Пришлось заказать "фейерверк" и поделиться с ним тоже, что привело к непредвиденным последствиям. Канэ, с одной стороны, не привыкший пить, а с другой — не отличавшийся склонностью к умеренности, за один вечер прикончил почти целую бутылку, пользуясь тем, что внимание Миреле было отвлечено, и на следующий день не смог подняться с постели.

Между тем, как ближе к полудню у него было выступление, и заменить его было особо некем.

Миреле до последнего ждал, что Канэ всё-таки придёт в себя, однако поняв, что чуда не произойдёт, согласился взять ответственность на себя.

— Это я вчера недоглядел. Что ж, буду выступать вместо него, — решил он.

— Ты? Но ты столько лет не появлялся на публике. Да что там, вообще толком не появлялся никогда... Ты считаешь, что сможешь? — забеспокоился Ихиссе.

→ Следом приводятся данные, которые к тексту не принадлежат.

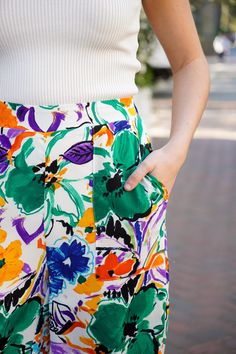 Get ready to light up the room with our Aurora Lights Pants! These high-waisted straight leg pants feature a vibrant and playful multi floral print in green, blue, purple, orange, and black hues. They feature an elastic waist at the back and square pockets that add comfort and functionality, making them the perfect addition to your spring and summer wardrobe. Pair with our Bristol Collared Tank to complete the look. They are lightweight, non-sheer, and fit true to size. 100% Polyester Brand- Ent Floral Print High-waisted Wide Leg Pants For Day Out, Colorful High-waist Bottoms For Spring, High Waist Colorful Bottoms For Spring, High-waisted Colorful Bottoms For Spring, Colorful Vibrant Bottoms For Spring, Vibrant Wide Leg Spring Pants, Vibrant Wide Leg Pants For Spring, Multicolor Floral Print Pants For Spring, Spring Green Wide Leg Pants With Floral Print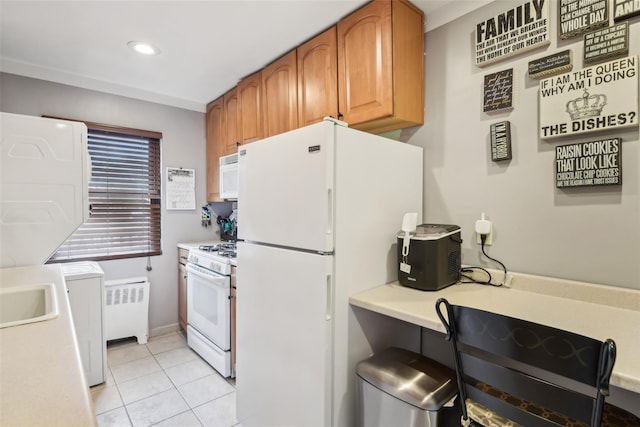 1213 E Broadway Unit B25, Hewlett, NY 11557 - kitchen with white appliances, light countertops, light tile patterned floors, radiator, and recessed lighting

— Не волнуйся, я же не бездельничал всё это время. — Миреле улыбнулся. — Я репетировал... собственно, разве не для этого ты привёз меня в дом Мереи?

— Да? Ты не рассказывал. Я подумал, что ты, возможно, просто отдыхаешь там душой, что тоже необходимо. Что же ты репетировал?

— Танец.

— Танец? Ну так тебе нужна будет музыка. Какая?

— Любая.

— Импровизировать будешь? Это сложно, Миреле. Ты уверен, что всё получится так, как ты хочешь?

— Не знаю, но чему-то же я научился за эти годы!

Ихиссе оставил дальнейшие пререкания, а Миреле переоделся в лёгкую одежду, более подходящую для выступления.

"Есть то, за что я, без сомнения, очень тебе благодарен, Кайто, — думал он, стоя позади занавеса и дожидаясь окончания предшествующего номера. — За то, что, познакомившись с тобой, я научился танцевать, выражая свою любовь. Любви, быть может, и нет больше... а, впрочем, она есть всегда. Человек, который любил хоть однажды, смотрит на мир не так, как тот, кто не любил никогда".

Он не продумывал деталей своего танца, рассчитывая, что всё сложится само собой — и так оно и получилось. Лиц зрителей он не видел, однако слышал музыку — точнее, угадывал её своим чутким обострённым слухом. Предчувствовал любое изменение в тональности и мелодии ещё до того, как оно происходило в реальности, и подстраивал под него свои движения. Особенно сильное впечатление это произвело тогда, когда музыканты, поддавшись импульсу, исходившему от Миреле, и сами принялись импровизировать — музыка становилась всё громче и громче, взлетая в небеса, мелодия — всё ярче, расцветая, как бутон, пустивший в ход все силы, чтобы в одном самоотверженном порыве распустить лепестки.

Глядевший на зрителей краем глаза, Миреле понимал, что его выступление имеет шумный успех, и поражался тому, сколь мало это для него значит. Хотя ведь, казалось бы, он никогда не придерживался мнения, что актёр выступает для одного лишь себя, и не желал для Канэ безвестности — наоборот, хотел, чтобы тот смог сказать то, что должен, и был услышан...

Музыка, меж тем, становилась всё громче — скоро уже вся площадь, на которой происходило выступление, не удержавшись, пустилась в пляс. И если бы Миреле видел себя со стороны, то удивился бы, насколько страстным и отчаянным выглядит его танец, в то время как внутри он, продолжавший прислушиваться к изменениям в мелодии, оставался практически совершенно бесстрастен, если не считать тихого чувства теплоты и безмятежности.

Но вдруг среди почти неразличимых для Миреле лиц, окружавших сцену, мелькнуло одно, которое заставило его замереть и вздрогнуть.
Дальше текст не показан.